When I was a teen, I dreamed of being that girl.  But in a, "I don't know how to become that girl, and it won't ever happen, but I want be that independent, that ready for whatever adventure finds its way to me, and ready to go looking for one," kind of way.  I never pictured what the adventure would be.  I never had an idea of what I wanted to do or where I wanted to go.  (Other than Australia, I knew I wanted to go to Australia.)  I just wanted to believe I was that independent and that ready for adventure.  Because it's exactly who I wasn't as a teenager.  I was a rule-following, Catholic schools hadn't pushed me over the edge yet, Daddy's girl who only knew how to do what was expected of me.  And running off on an adventure didn't qualify.

As an adult, I'm still a rule-following, generally sedentary, non-adventure seeking "mom."  I just am.  And it works for me.  I worry about where the next paycheck comes from.  I like order, knowing the plan, having to-do lists.  I make sure the house is (somewhat) clean, I put the child's needs before mine, and the only places I dream about visiting are the places where we have family - places I call Home.

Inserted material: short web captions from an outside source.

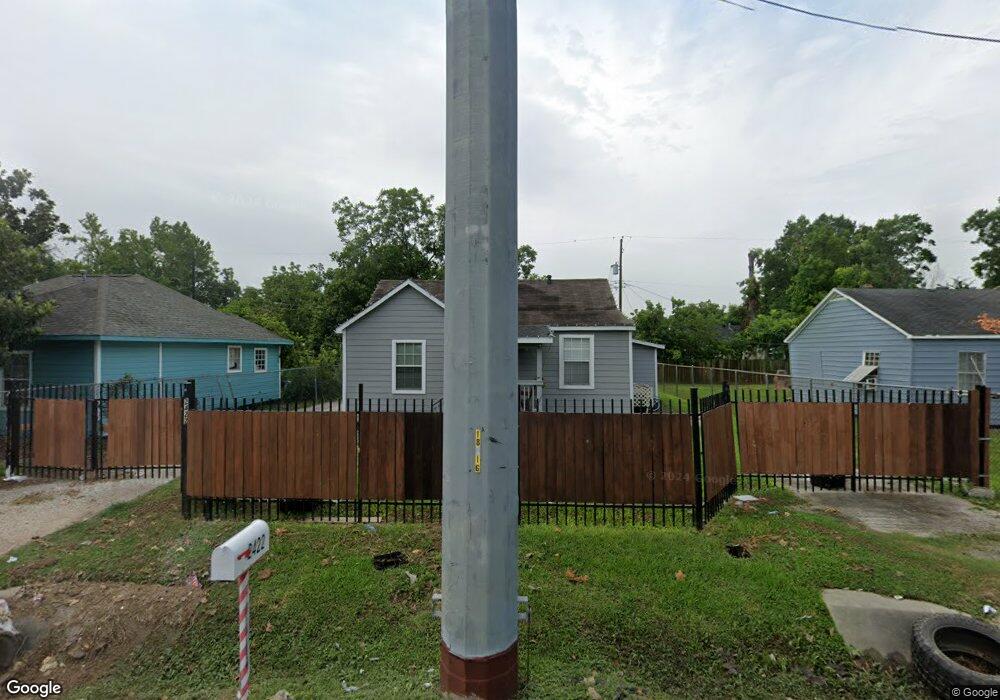 2422 Bennington St, Houston, TX 77093 - photo 1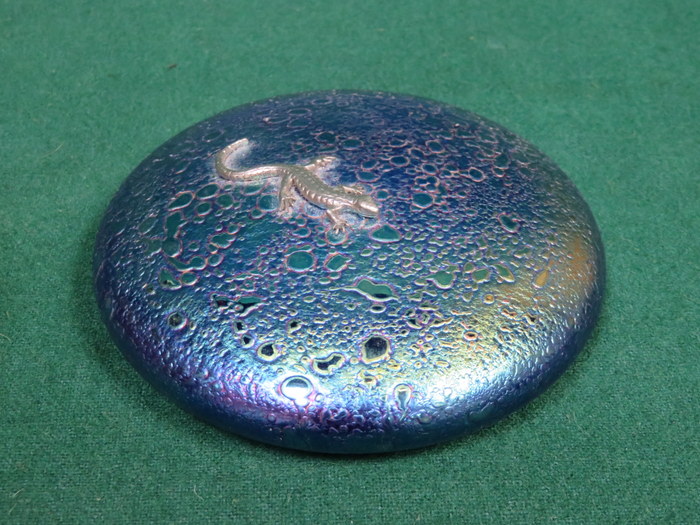 DITCHFIELD STYLE IRIDESCENT GLASS PAPERWEIGHTS WITH SILVER COLOURED LIZARD ON TOP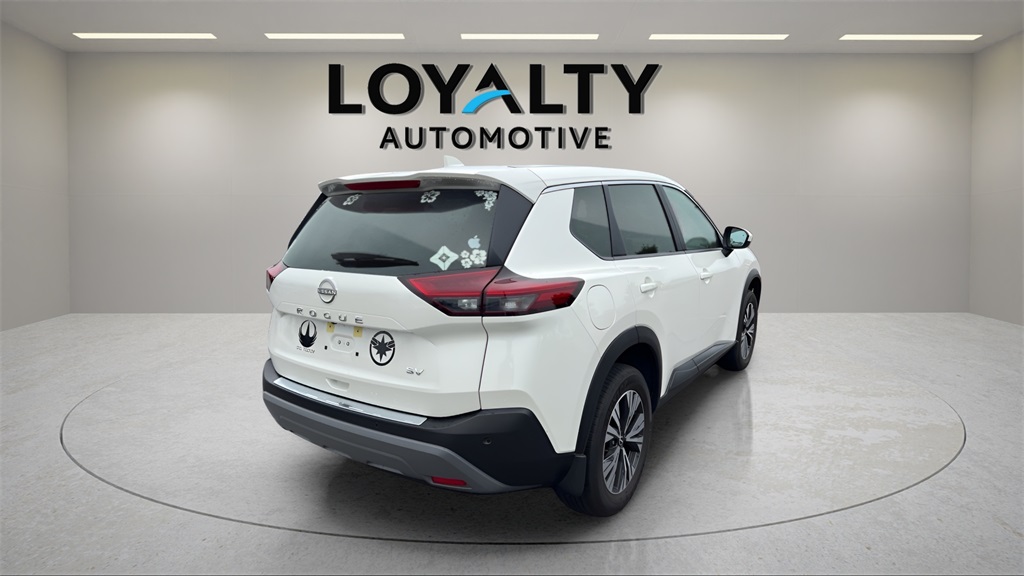 2023 Nissan Rogue SV photo 5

But when I read this.... when I read this description of someone that I would never think of as Me.... I felt like maybe I haven't been giving myself enough credit.  Maybe I am "a girl who travels."  Not just because I'm here in Tokyo, 11,000km from home, and am starting to get quite the collection of stamps in my passport.  Not because I'm living in our fifth "home" in a year, trying to figure out how to say basic phrases in my fourth language in that time. 

And I don't jump at every chance to add a new stamp to the passport, or every sale on plane tickets.  I can't just show up somewhere not knowing what job I'll get or where I'll live.  I'm not "the girl who travels" in that sense AT ALL.  

I do have some similarities with that girl, though.  And that's what knocked the breath out of me when I was reading it.  I started reading it, thinking I'd be laughing, or at least giggling a bit, as it described some of the odder people I've met in the past few years.  But that isn't what it was, and it isn't what I felt.  

It isn't about being a girl who "travels" as much as it is being a girl who recognizes the vastness and greatness of the world and seeks to be part of it, to experience it, to live within it - not trapped in one place, one job, one routine.  Someone who yearns to know more - who the people are, how the place or traditions came to be, how to improve life for the people everywhere.   A girl who won't settle for status quo.  A girl who knows that what's "normal" here isn't what's "normal" somewhere else - and wants to see what someone else is taking for granted to add it to the list of of things she never knew about before.  A girl who seeks life, knowledge, and wonder.

That's the girl I am.  And it's why I love what we're doing now, traveling and experiencing so many places.  And it's why I'm feeling lost and trapped at the same time.  I'm not taking the time to learn the things I want to learn.  I'm not reflecting on what I'm seeing, I'm not incorporating it into my definition of "self" nearly as much as I should be.  Which leaves me feeling as disconnected from my world as I would if I were in one city, in one job, in one routine - without any of the comfort that comes from that routine.  I need to remember to be "the girl who travels" a bit more.  Be part of the adventure.  Don't let the adventure be over before I've noticed it was happening.